そして、ラダーフレーム型クランクベアリングキャップ2のクランクベアリングキャップ部3は、クランク軸5が回転するものであることから、クランク軸5を回転自在に支持するために設けられたものであることは明らかである。
また、図1において、クランク軸5が、シリンダブロック1とラダーフレーム型クランクベアリングキャップ2に跨って位置していること、及び、図3において、ラダーフレーム型クランクベアリングキャップ2のクランクベアリングキャップ部3は、半円状の溝を呈していることから、シリンダブロック1は、クランクベアリングキャップ部3と同様の、クランク軸5を回転自在に支持するための支持部を含むことも明らかである。
また、図1ないし5の記載から、ラダーフレーム型クランクベアリングキャップ2と略一体的にオイルポンプ12を配設していることが理解できる。
また、図2、図4及び図5の記載も合わせると、オイルポンプケーシング10が、オイルポンプ12の内歯を有するアウタロータ13と外歯を有するインナロータ14を収容することが理解できる。
また、オイルポンプ12は、インナロータ14とアウタロータ13の歯の噛み合いのずれによってオイルを吸入・吐出するよう構成されているところ、図2の記載も合わせると、ポンプケーシング10は、インナロータ14とアウタロータ13の歯の噛み合いのずれによってオイルを吸入・吐出するための室を備えたものであることが理解できる。
さらに、図1及び図3ないし5の記載も合わせると、オイルポンプケーシング10の前面を閉鎖するためのオイルポンプカバー11が、ラダーフレーム型クランクベアリングキャップ2の前端面に沿って設けられていることが理解できる。

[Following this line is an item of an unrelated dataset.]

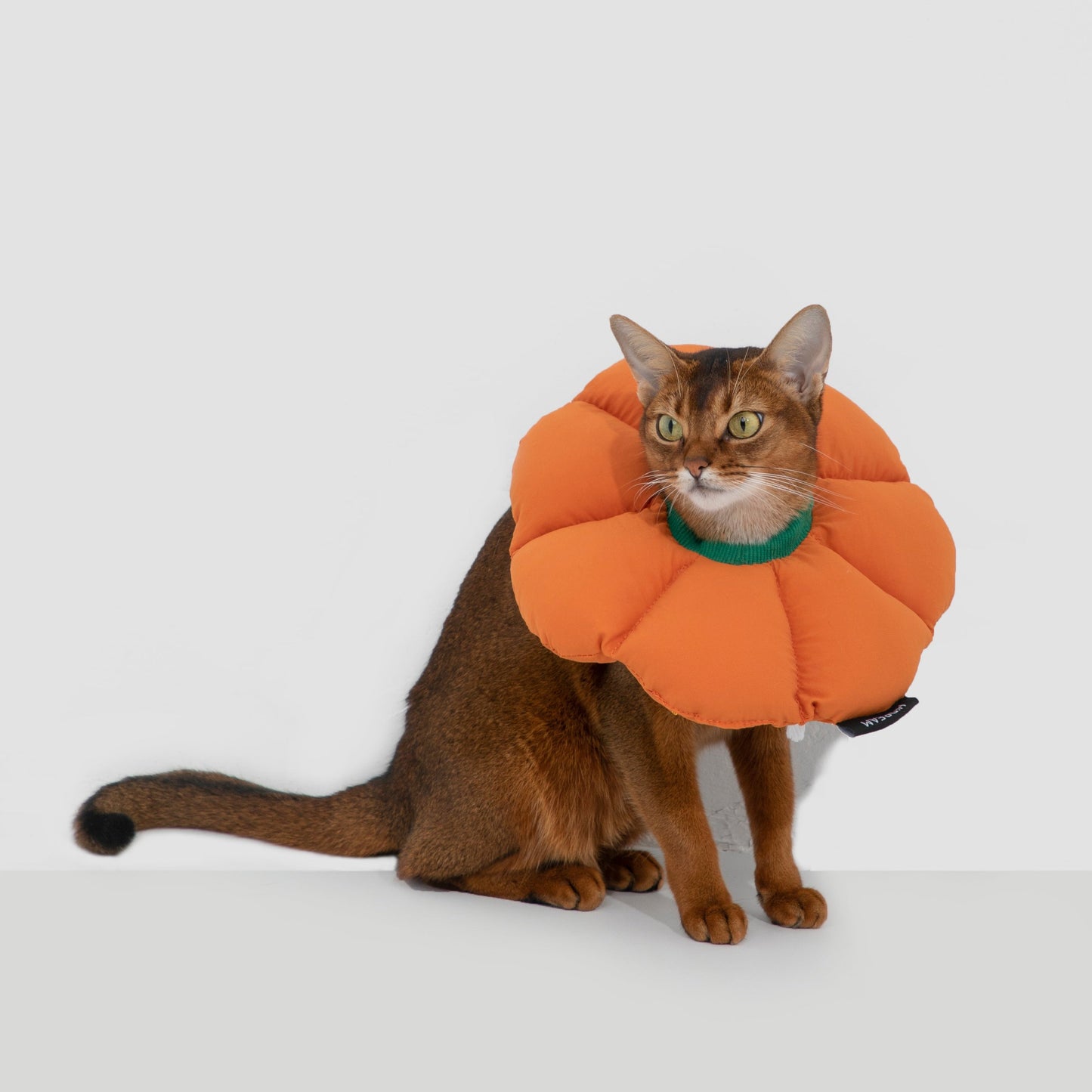 Flower Shaped Elizabethan Rings Dog & Cat Recovery Collar [Pumpkin Orange]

よって、これらの記載事項及び図示内容を本願発明の表現にならって整理すると、刊行物1には、次の事項からなる発明(以下「引用発明」という。)が記載されていると認めることができる。
「クランク軸5を回転自在に支持するための支持部を含むシリンダブロック1と、
当該シリンダブロック1の下端面に接合され、クランク軸5を回転自在に支持するために上端面にクランク軸芯に沿って設けられるクランクベアリングキャップ部3を有するラダーフレーム型クランクベアリングキャップ2と、
を含んで構成されるエンジンの構造であって、
前記ラダーフレーム型クランクベアリングキャップ2と略一体的にオイルポンプ12を配設し、
前記オイルポンプ12が配設されるラダーフレーム型クランクベアリングキャップ2の前端面の一側部には、前記オイルポンプ12の内歯を有するアウタロータ13と外歯を有するインナロータ14を収容して、前記インナロータ14と前記アウタロータ13の歯の噛み合いのずれによってオイルを吸入・吐出するための室を備えたオイルポンプケーシング10が凹入形成されていると共に、
前記オイルポンプケーシング10の前面を閉鎖するためのオイルポンプカバー11が、前記ラダーフレーム型クランクベアリングキャップ2の前端面に沿って設けられている
エンジンの構造。」


5.対比・判断
そこで、本願発明(以下「前者」ということがある。)と引用発明(以下「後者」ということがある。)とをその機能・作用も考慮して対比する。
・後者の「クランク軸5」は、前者の「クランクシャフト」に相当し、後者の「クランク軸5を回転自在に支持するための支持部」は、前者の「クランクシャフトを回転自在に支持するジャーナル部」に相当する。
また、後者の「シリンダブロック1」は、前者の「シリンダブロック」に相当する。

・後者の「シリンダブロック1の下端面に接合され」る態様は、前者の「シリンダブロックの下側に取り付けられ」る態様に相当し、後者の「クランク軸5を回転自在に支持するために上端面にクランク軸芯に沿って設けられる」態様は、前者の「クランクシャフトを回転自在に支持するために前記ジャーナル部に対応して配設される」態様に相当する。
また、後者の「クランクベアリングキャップ部3」は、前者の「ベアリングキャップ部」に相当し、後者の「ラダーフレーム型クランクベアリングキャップ2」は、前者の「ラダーフレーム」に相当する。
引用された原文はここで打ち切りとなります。